Friday, August 13th
Enjoyed a good night's sleep in the quiet town of Chagny at my cousin's home. I left the shutters slightly open so that I could see the morning light come in. Downstairs for breakfast and of course Celeste and Umberto started spoiling us right away. Umberto just brought in the fresh croissants from their favourite bakery, one of the five in town. By the way five bakeries making bread and croissants and two pastry shops that make only cakes, tartes and pastries, all this for a population of 6,000. This is not to mention what you can get at the three large supermarkets.
After our cafe au lait and croissants we decided to take a walk around the town. There are lots of little streets and shops, people walking about doing their morning shopping. This is the town I was born in. It feels sort of strange being here as if I should know the town but I don't really and yet there is a comfortable feeling here as there are lots of people who live here to whom I am connected. We walked past the Hotel de Ville with its covered porticoes and flower pots filled with geraniums and other flowers. A little further down the road was the maternity hospital where I was born, it is now an old age home. Maybe I can spend my last days where I spent my first. It looks pretty good, and I know the food there will be very good.
Back to the house and lunch time. Of course Celeste has the table set and everything prepared. We ate outside on the lovely terrace. Orrechiette pasta, the little hand rolled circles of thicker than usual pasta dough. They are from the Puglia area. They were served with a delicious tomato sauce made fresh from the tomatoes in her garden, cubes of zucchini and basil and a touch of fresh pepperoncino.

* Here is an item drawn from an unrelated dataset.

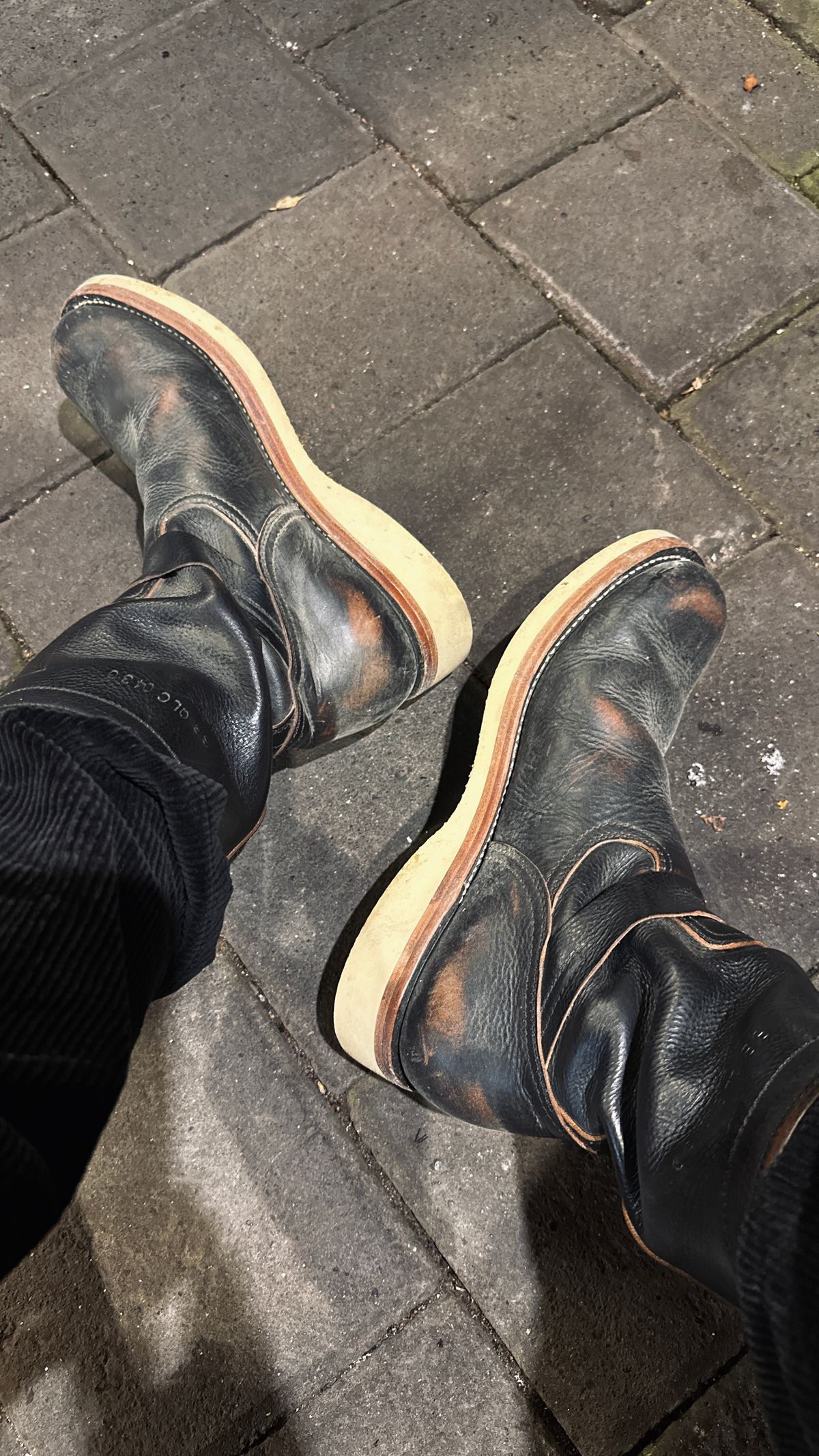 Photo by juliusagungs on October 13, 2025 of the Briselblack Enginner Boots Queen Lekha X Briselblack in Badalassi Carlo overdyed.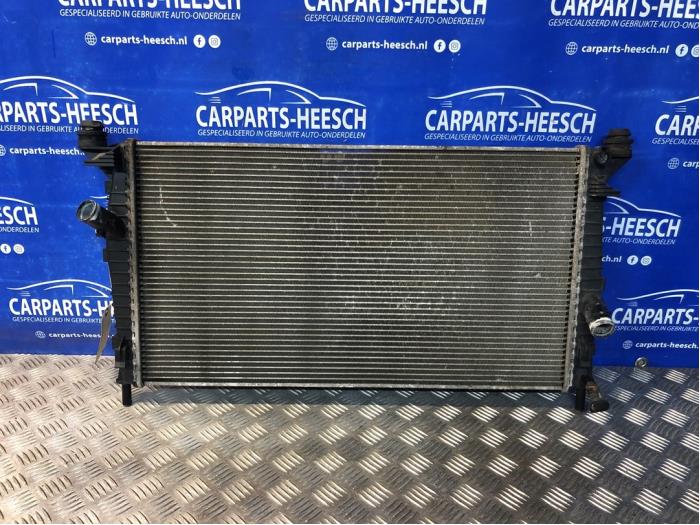 Gebruikte Radiateur Volvo S40 (MS) 1.8 16V Prijs € 50,00 Margeregeling aangeboden door Carparts Heesch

Of course there was pecorino cheese to grate on top of it but not for her husband - he prefers parmigiano. All this was washed down with a white Mercurey from the Domaine Pagnotta. And the usual cheese platter at the end, just to finish our wine.
Off to Beaune. This is the most lovely of towns. There are the houses with the trademark Burgundian tiled roofs of many colours, the flowers everywhere, cobbled streets and wine merchants galore. This is truly the heart of Burgundy wine where the famous wineries all have their headquarters and where since 1443 the Hospices de Beaune, first hospital in Europe, has been funded with the sales of the wine from the prestigious vineyards. You can tour the hospital which is now a museum. There are mannequins with nun habits on and huge starched white caps. When I was still in utero my mom had to have her appendix out and this is where it happened, it wasn't a museum as yet.

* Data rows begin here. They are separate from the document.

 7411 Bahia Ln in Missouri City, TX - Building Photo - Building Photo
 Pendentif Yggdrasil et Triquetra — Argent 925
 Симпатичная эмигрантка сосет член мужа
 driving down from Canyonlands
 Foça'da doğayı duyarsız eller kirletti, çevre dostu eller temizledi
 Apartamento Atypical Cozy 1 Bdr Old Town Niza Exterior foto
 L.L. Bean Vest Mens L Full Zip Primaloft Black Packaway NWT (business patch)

Beaune also has the best school for vintners in the world. This is where Celeste and Umberto's son, Rocco who now runs the business with his wife Isabelle, went to school and where he met Isabelle. She came from a wine family in the Macon region and he from Chagny. They met at the school and the rest is history. Now they love each other and their wine business and of course their 3 children.

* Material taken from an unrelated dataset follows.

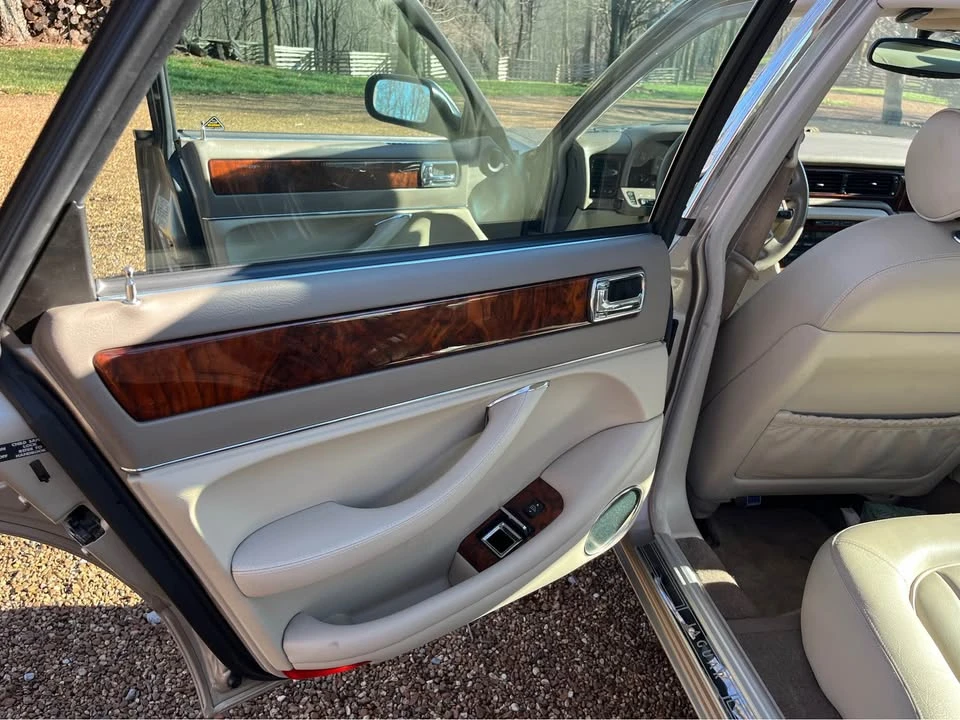 1996 Jaguar X300 XJ - Image 11 of 12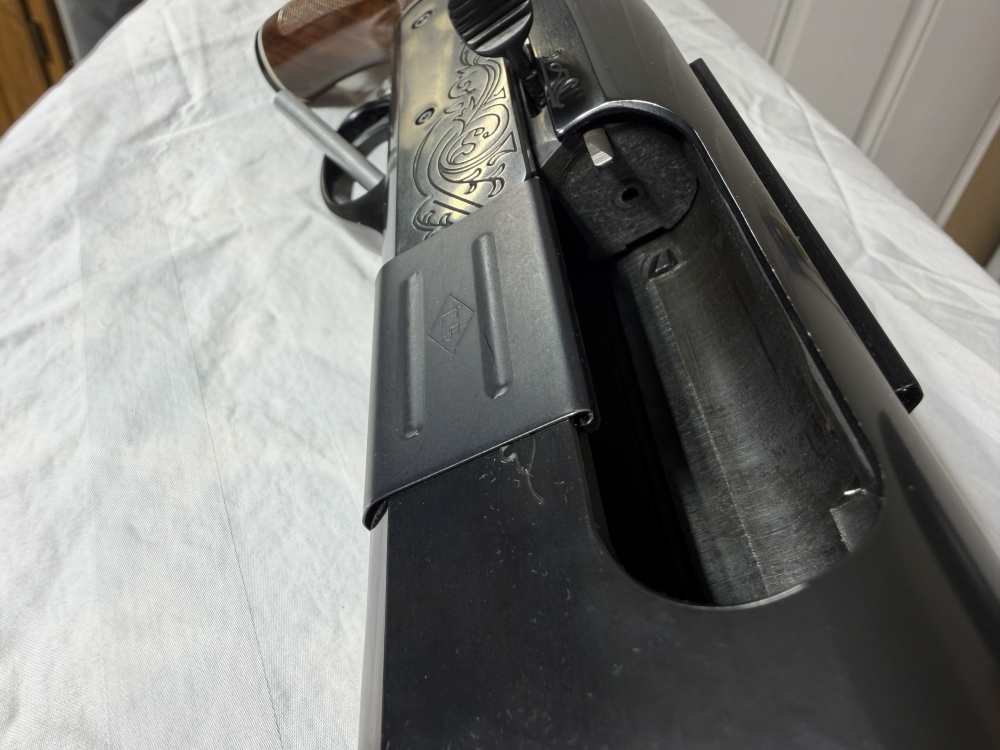 VERY CLEAN and ALMOST NEW Remington Model 1100. Early 70's manufactured.-img-19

We climbed the ramparts and had a look over the town then back to Chagny as we have a dinner reservation. Where are we going? We are going to a little restaurant called Le Beau Rivage, nearby but Ross doesn't remember how to get there and I certainly don't. Umberto drove the country roads and there we were on the banks of the Soane River under three huge plane trees. Of course we chose to sit outside and enjoy the view of the slow moving river. First up was a 'friture' which basically means a fried dish. It was small fish that had been swimming a short while earlier. A huge fish shaped blue platter arrived brimming over with the crispy, hot fish. Although it was fried there was no taste of the oil or soggy bits. The fish have their heads left on and you eat the entire thing. There were lemon wedges to sprinkle over the fish. Umberto chose a crisp white to go with our dinner. At the moment the name escapes me and I will fill it in later. Next was our second course, frog's legs. We were each given a clean plate and cutlery after the empty fish platter was taken away. Then the waitress brought out a hot sauté pan and serving spoon and the perfume of garlic and butter and parsley surrounded her. She quickly placed five frog's legs on each of our plates and wished us bon appétit. As we worked our way through the frog's legs, which were amazing, I thought that it was a good thing that the wine was cool and fresh tasting to counteract the richness of the dish and because I knew from last time that the waitress would be coming out soon with her hot pan again and the rest of our frog's legs. They only serve you half of your order at a time so that it won't get cold. Sure enough, out she came with four more for each of us. I really shouldn't have eaten them all but they were so good, melt in your mouth good, that I couldn't leave them. Unfortunately there was no more room for dessert. I couldn't be that piggish.
We made our way out to the car completely full and Umberto decided to take another route back, this time via Chalon. Celeste was being a back seat driver and saying that it was the longer way around while he said it was the same. The bounced their opinion back and forth at each other and Ross and I tried to keep out of the conversation. We got home and the discussion of which route was longer continued and there was a promise that the truth would come out.
Off to bed after chatting till the late hours. Gotta digest all this food.